# Live food tubs



## imginy (Jun 14, 2009)

I got a load of live food that needs posting out tomorrow and I have ran out of plastic tubs do you guys think it is acceptable for me to post them in brand new foil tubs like you get from a takeway?

Also where is the best place to buy empty plastic tubs for livefood?


----------



## Gentoo (Jul 6, 2010)

It wouldn't bother me unless you were selling mealworms and I didn't have any spare tubs as I always keep them in the tub they arrive in.

I was looking for Roaches and rememberd your post so Livefood Tubs ventilated | Ricks Livefood Not sure if they're a good deal or not?
Also found this on google Livefood UK Ltd.

Seems same price, haven't checked the postage.


----------



## imginy (Jun 14, 2009)

Thanks gentoo : victory:


----------



## JaMMiT (Sep 12, 2010)

I recommend going to wilko's they have some good plastic tubs there!


----------



## KarlW (Oct 6, 2009)

How many tubs would youa ctually be after?

I may be able to do you alot for a good price.


----------



## imginy (Jun 14, 2009)

Thanks and I am after around 100 : victory:


----------



## KarlW (Oct 6, 2009)

Where are you based?


----------



## Juzza12 (Jun 12, 2008)

You could use the sacks that bulk live food comes in. Just twist the top and stick a cable tie around it. You can actually get those sacks cheaper than the live food tubs.


----------



## pollywog (Oct 6, 2005)

I would of thought foil containers would cause condensation. Excess moisture kills most livefoods quite quickly.


----------



## imginy (Jun 14, 2009)

pollywog said:


> I would of thought foil containers would cause condensation. Excess moisture kills most livefoods quite quickly.

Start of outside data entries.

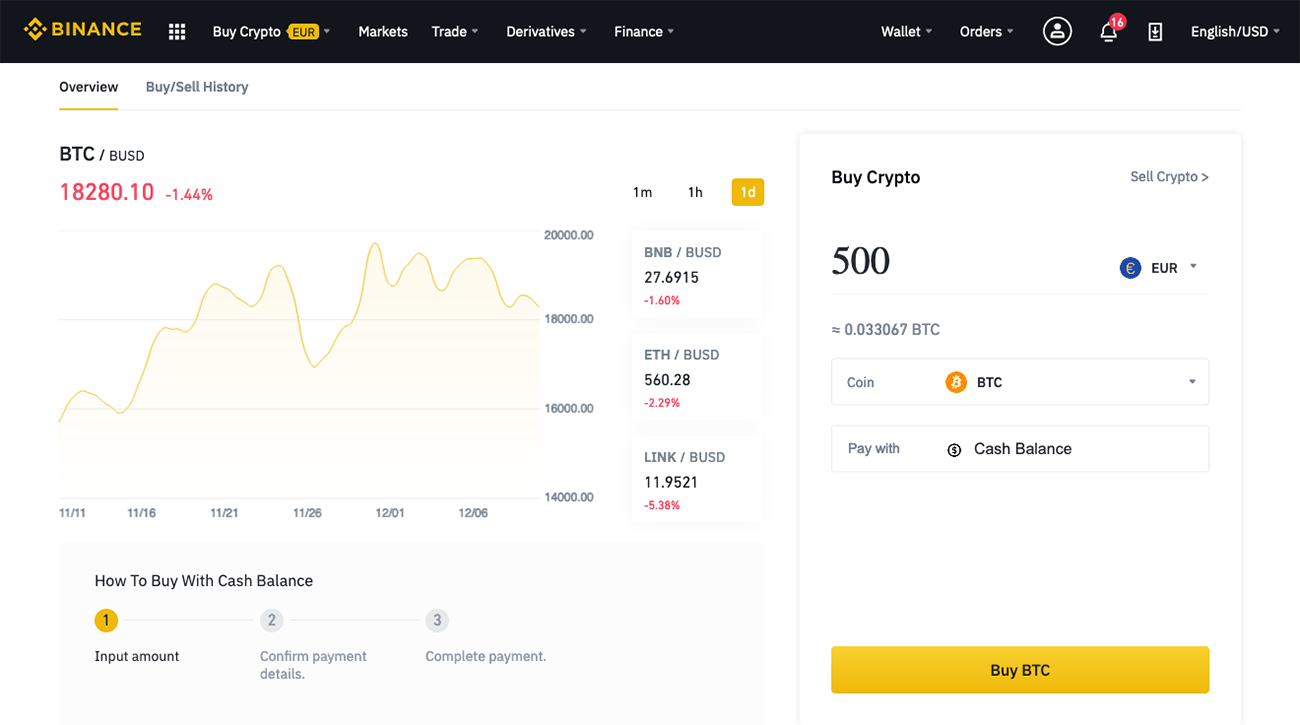 is binance good to buy bitcoin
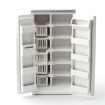 Larder Style Fridge-Freezer for 12th Scale Dolls House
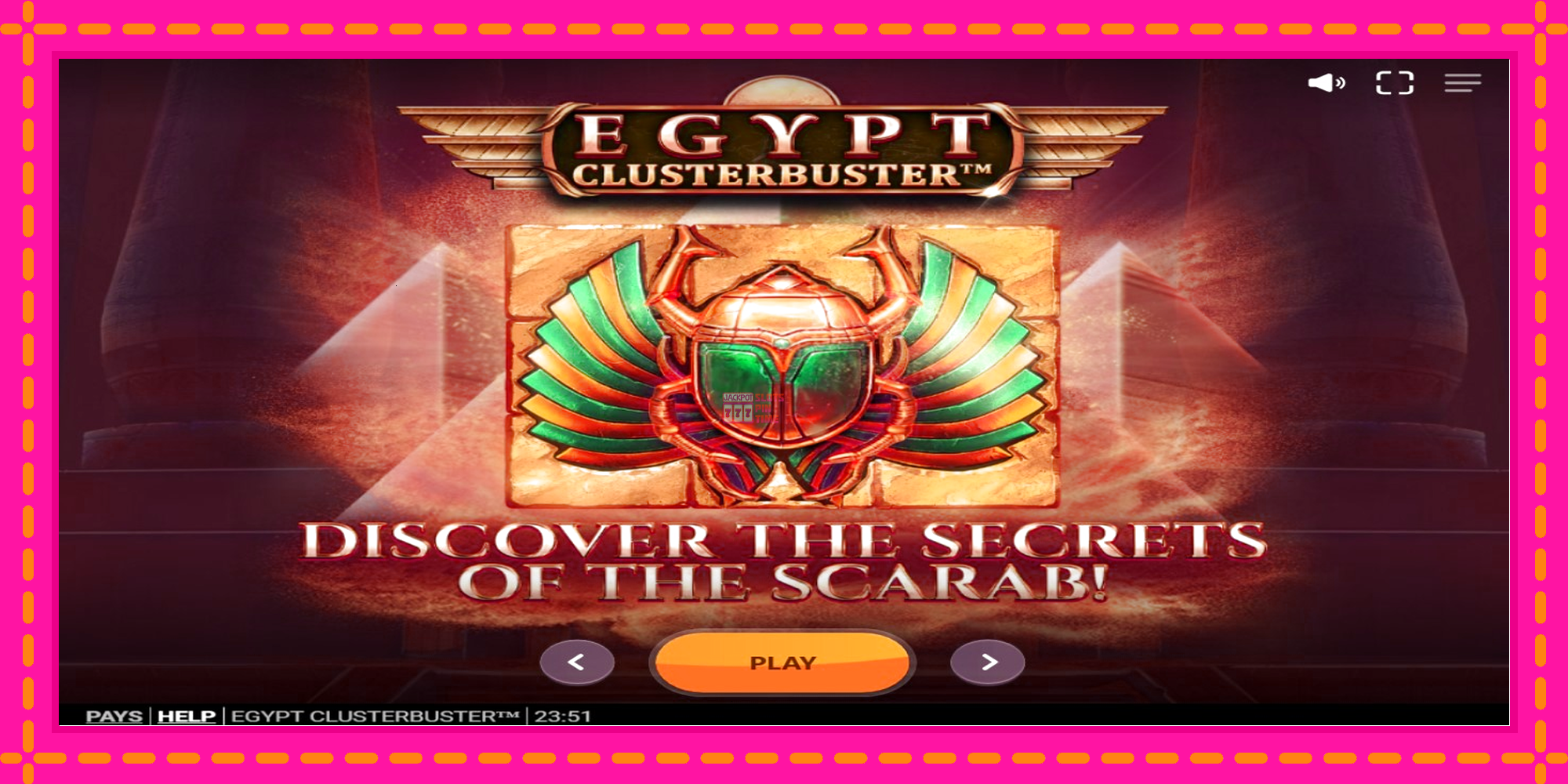 Slot machine Egypt Clusterbuster gratuitamente, immagine 1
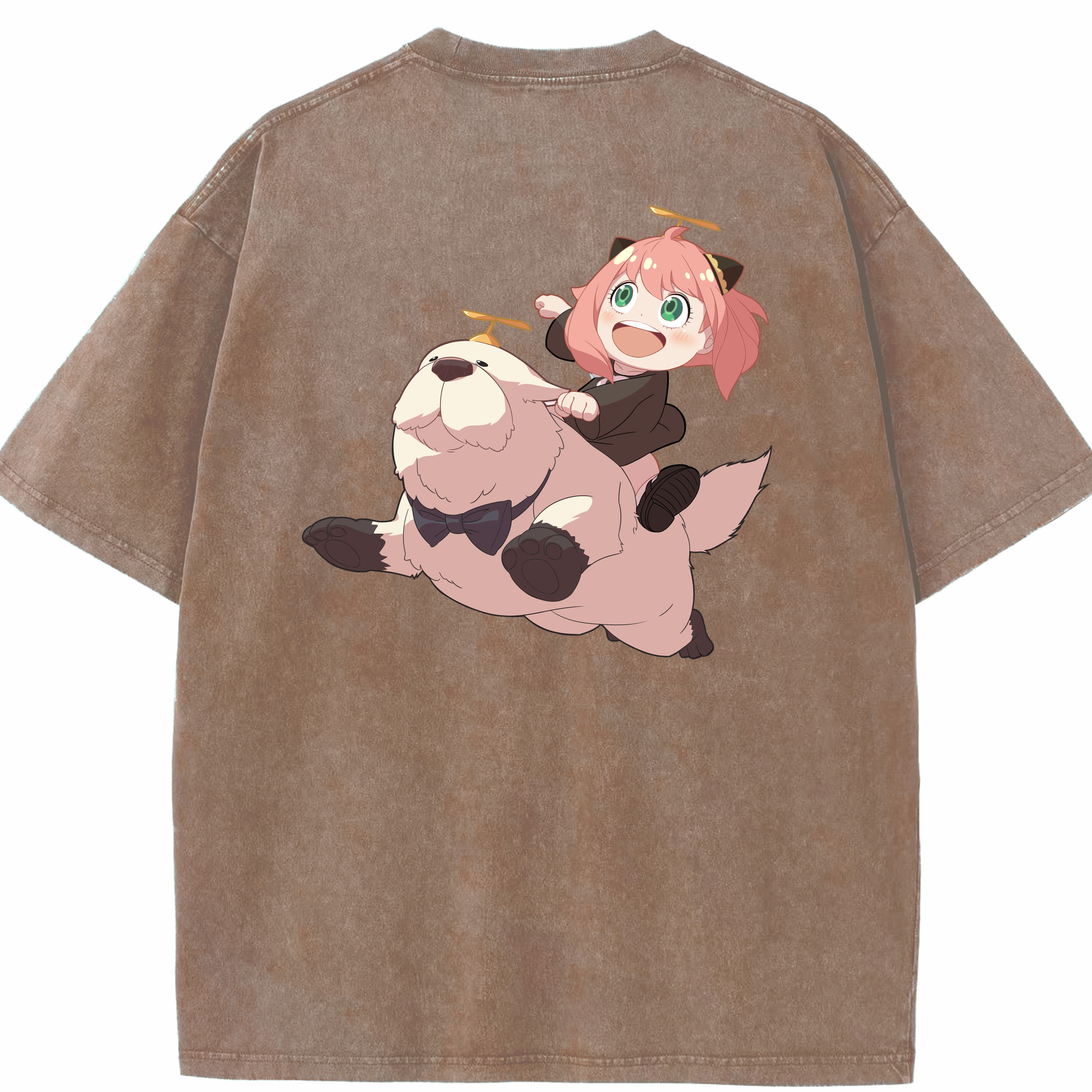 （画像用） SPY×FAMILY间谍家家酒 綿100% ヴィンテージ風 半袖Tシャツ（背面プリント）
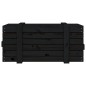 vidaXL Truhe Schwarz 91x40,5x42 cm Massivholz Kiefer vidaXL Truhe Schwarz 91x40,5x42 cm Massivholz Kiefer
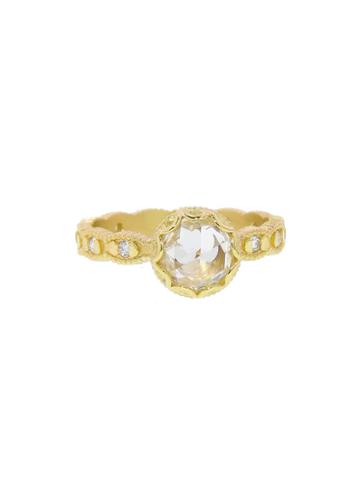 Megan Thorne Scalloped Rose Cut Diamond Ring - Yellow Gold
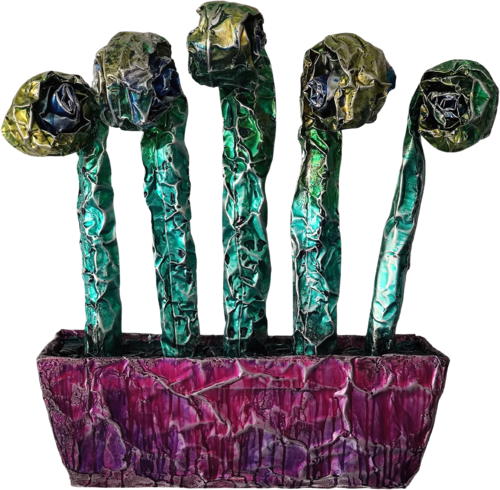 Fat Flowers - Box no.4 by Christoph Robausch, Sculpture for Sale on Select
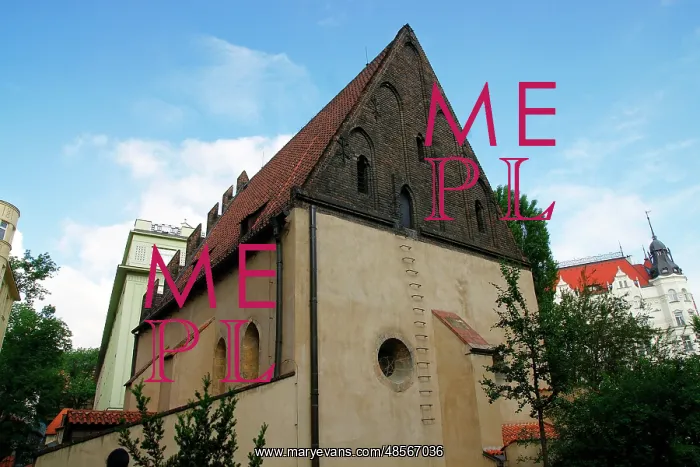 : Czech Republic. Prague. Old New Synagogue. Gothic, 13th cent : Czech Republic. Prague. Old New Synagogue. Gothic, 13th cent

 I posted them now so no going back :lol2:
They are turks so they should be ok with the moisture and I only put 25 in each tub so they should be ok. I was mainly worried about them looking scruffy and people thinking I put them in old food tubs but in the end they looked pretty neat.


----------



## KarlW (Oct 6, 2009)

Juzza12 said:


> You could use the sacks that bulk live food comes in. Just twist the top and stick a cable tie around it. You can actually get those sacks cheaper than the live food tubs.


Do you know where to buy the sacks from?


----------



## Juzza12 (Jun 12, 2008)

KarlW said:


> Do you know where to buy the sacks from?


Yeah, you can get them on ebay and also some packaging companies sell them, although only in large quantities, at least 100.


----------



## KarlW (Oct 6, 2009)

Juzza12 said:


> Yeah, you can get them on ebay and also some packaging companies sell them, although only in large quantities, at least 100.


Do they have some sort of special name?

Ive just typed "livefood bags" into ebay, and got loads of locusts/crickets, but not the bags without the food in ít.


----------



## Juzza12 (Jun 12, 2008)

Sorry, should have said, they're woven polypropylene sacks. 

Link to seller i got some from off ebay items - Get great deals on Grip seal bags, polypropylene sacks items on eBay.co.uk Shops!

Like i said these worked out a bit cheaper than buying the tubs new, and let's just say it's easier getting lobster roaches into a sack than it is a plastic tub lol


----------



## aadarachnids (Feb 16, 2010)

you can get some good tubs from poundland


----------



## ExoticInsectsUK (Nov 15, 2008)

I can sell new livefood tubs 10 for £3 + post and can sell 1000s at a time


----------